EXERCISE MATERIAL below:

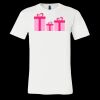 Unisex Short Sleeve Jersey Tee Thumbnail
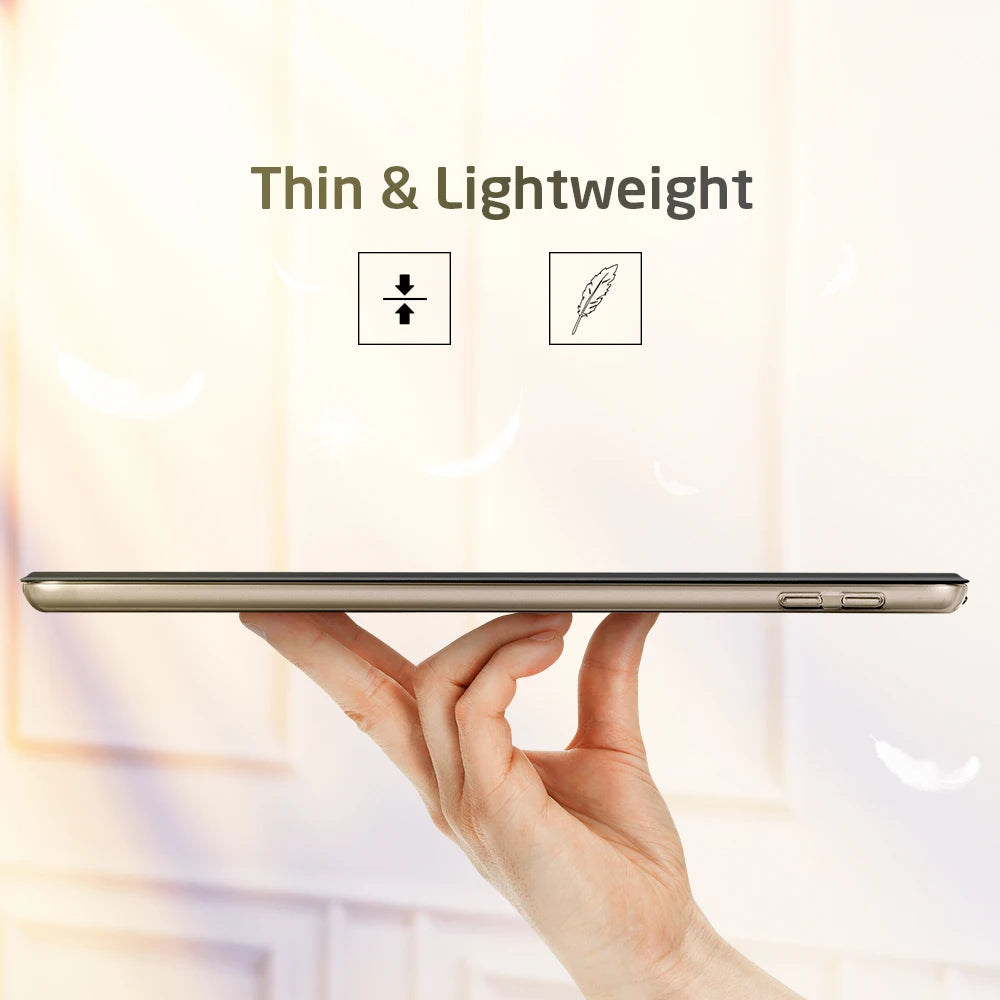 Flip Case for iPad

End of EXERCISE MATERIAL.
EXERCISE MATERIAL below:

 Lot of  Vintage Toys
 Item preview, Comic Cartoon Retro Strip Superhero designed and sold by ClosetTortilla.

End of EXERCISE MATERIAL.
EXERCISE MATERIAL below:

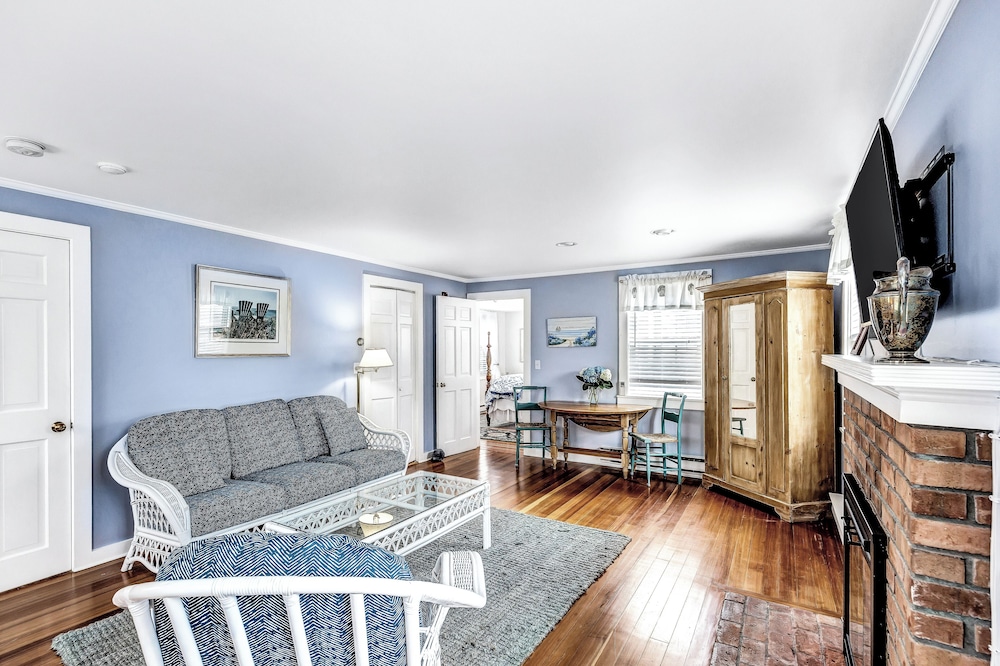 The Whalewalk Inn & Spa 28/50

End of EXERCISE MATERIAL.

- [ASSIGNED TASK]: Output only the lines above from the line that holds "Unisex Short Sleeve Jersey Tee Thumbnail" through the line that holds "Flip Case for iPad", both ends included, and exclude pictures.

- [ANSWER BOX]:
 Unisex Short Sleeve Jersey Tee Thumbnail
 Flip Case for iPad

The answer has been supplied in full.